Restate every line of the data word for word, except for the images.

***** Dataset content *****

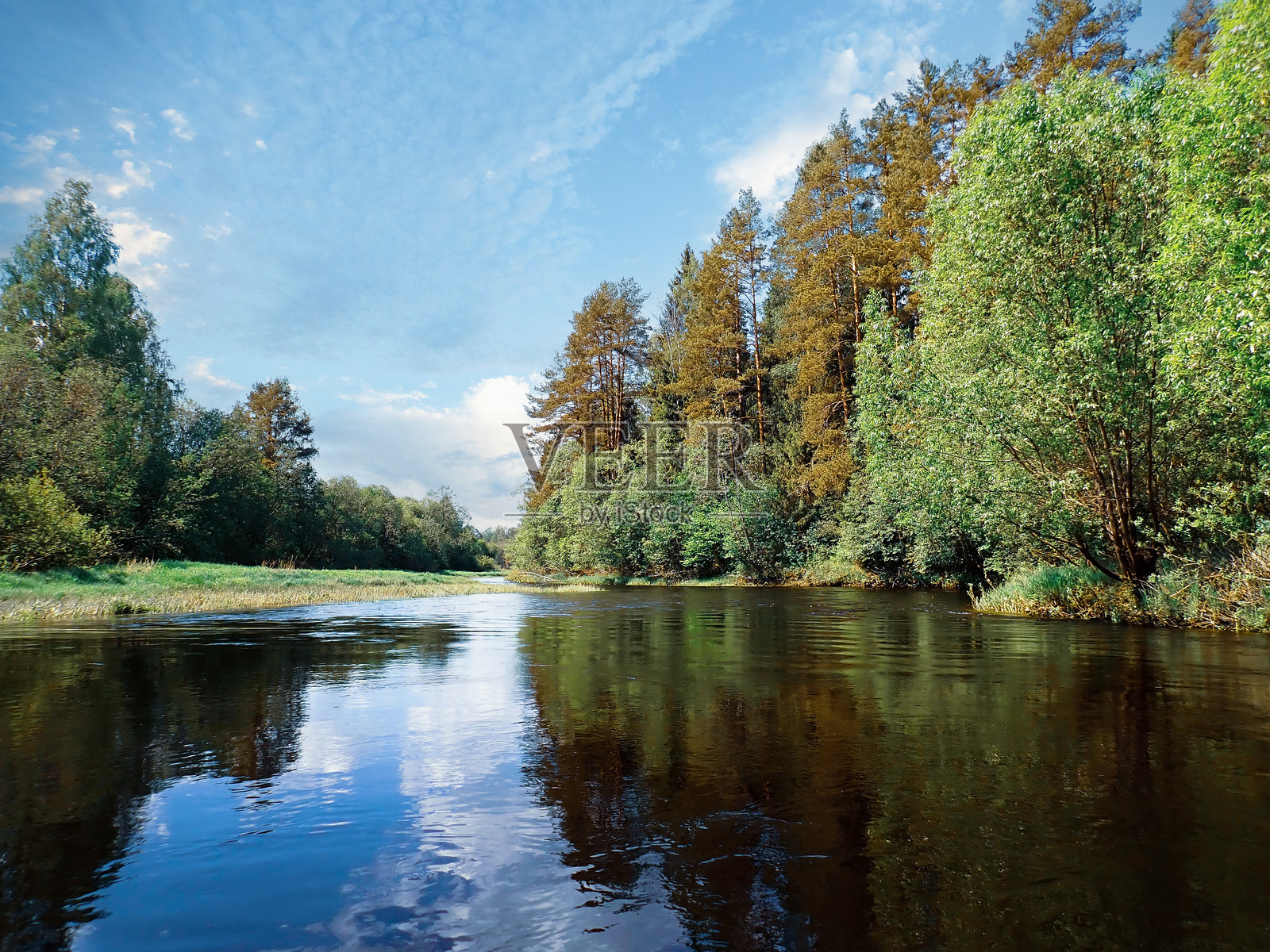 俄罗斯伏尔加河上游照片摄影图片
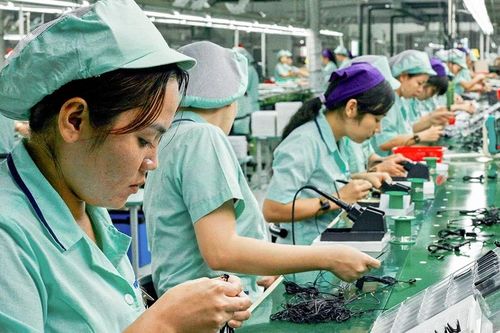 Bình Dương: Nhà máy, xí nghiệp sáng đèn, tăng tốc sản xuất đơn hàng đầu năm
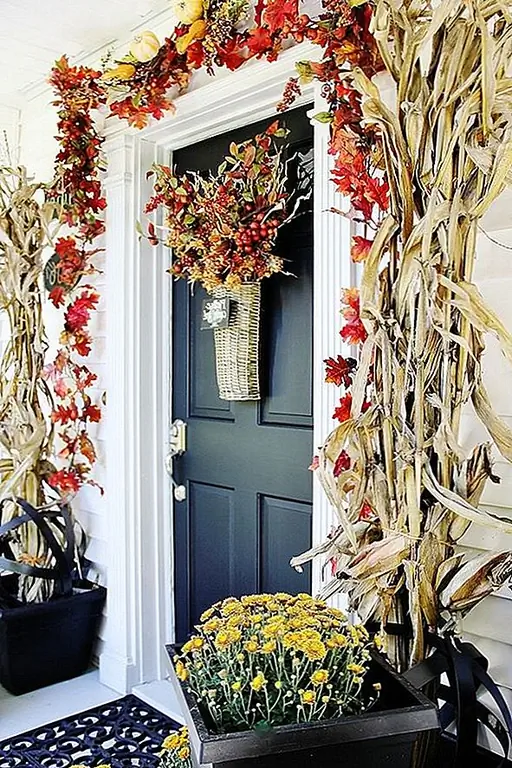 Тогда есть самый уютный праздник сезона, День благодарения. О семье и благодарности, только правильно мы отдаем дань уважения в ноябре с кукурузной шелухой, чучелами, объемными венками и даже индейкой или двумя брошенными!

*****

Written solution
 俄罗斯伏尔加河上游照片摄影图片
 Bình Dương: Nhà máy, xí nghiệp sáng đèn, tăng tốc sản xuất đơn hàng đầu năm
 Тогда есть самый уютный праздник сезона, День благодарения. О семье и благодарности, только правильно мы отдаем дань уважения в ноябре с кукурузной шелухой, чучелами, объемными венками и даже индейкой или двумя брошенными!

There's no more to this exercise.